Сейчас у меня нет ни малейшего сомнения, что так оно и было.
Сейчас — после сегодняшнего Вадима, который ту страницу своей жизни («она была лучшее, что было у меня в жизни», сказал ведь еще над Владиным гробом, — если бы я умерла, Р. мог бы то же сказать над моим!) уже героически перелистнул и вернулся к себе — к такому, каким он был ДО Влады, «Д. В.», потому что такие люди не меняются, и никакой новый опыт ничего в них не переворачивает, — теперь все мелкие эпизоды, некогда царапавшие внимание диссонансом случайных заноз, задним числом выстраиваются у меня в стройный ряд. Одна вещь была у Вадима с Владой все же общая, и на ней-то Владу — как шуруп на резьбе — похоже, и заклинило, зацепило: в них обоих жил и двигал ими сквозь жизнь — страх поражения.
Как прекрасно, оказывается, алкоголь проясняет мысли!..

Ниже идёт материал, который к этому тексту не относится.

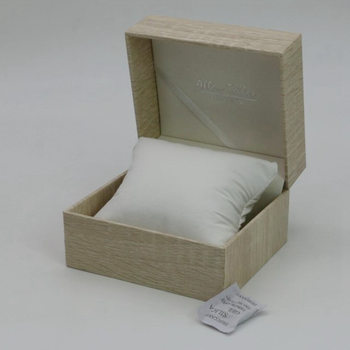 Imitation Leather Wood Grain Classy Watch Box Couple Watch Box Display Storage Packaging Box Jewelry Pair Watch Box Printed Logo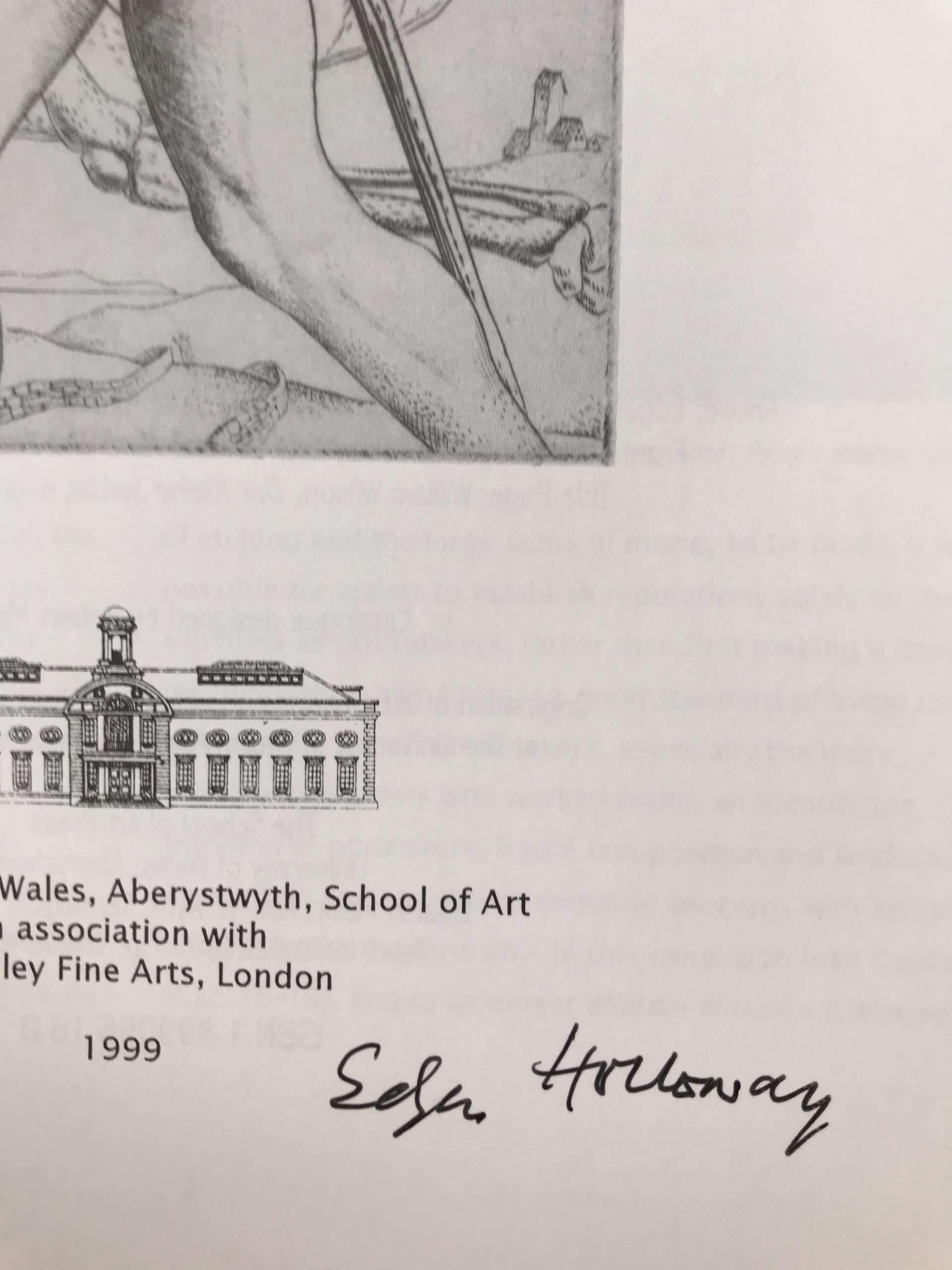 Edgar Holloway and Friends: An Artist's Collection of Prints from the 'Thirties (Signed) (1990) - Image 2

Именно из-за этого страха она, десятью годами раньше, разорвала брак с Катрусиным отцом (который в конечном счете ничего лучшего не придумал сделать со своей жизнью, кроме как эмигрировать в Австралию, где, по двум различным версиям, то ли работал сторожем, то ли присматривал за кенгуру, хотя непонятно, зачем в Австралии за ними присматривать?). Именно этот страх вздымал ей волосы дыбом, когда осенью 1990-го мы с ней курили одну сигарету на двоих в скверике на Золотоворотской — вот здесь же, через дорогу, где теперь казино (и с тех пор меня и водит магнитом вокруг этого места вот уже четырнадцать лет!), — и горячий ветер тектонических разломов гнал мимо нас самопальные, тогда еще отпечатанные на ротапринтах листовки, и горький кофе из оббитых чашечек обжигал нёбо, «у нас не было молодости, Дарина», — была, Владуся, была, вот это она и была, наша молодость — и молодость страны, которая тогда рождалась на свет из прибывающего гула Майдана, из серафических лиц мальчиков с белыми повязками голодающих, которым еще никто тогда не додумался платить за готовность умереть, и они на самом деле были готовы умереть, а кто до сих пор не умер, тем хуже для него… Был у моей Влады этот страх, еще как был, пусть глубоко запрятанный, — генетический, от матери унаследованный, от Нины Устимовны… А может, и еще поглубже — от тех ее деда с бабкой, комсомольцев, которые в тридцать третьем сбежали в город и стали рабфаковцами, сумев не помереть вместе со своими односельчанами — и еще неизвестно, чем за это заплатив… Из-за этого-то страха, не оставляющего ей, в ее собственных глазах и в глазах завистливого окружения, права на ошибку, она и застряла с Вадимом так опасно надолго — на той фазе, когда уже переворачиваешь свои дни тяжело, как мокрую землю лопатой, потому что на место погасшей любви или того, что ею казалось, приходит пустота, — а в пустоту всегда и неминуемо, как черная вода, натекает смерть: боюсь спать, засну — и умру…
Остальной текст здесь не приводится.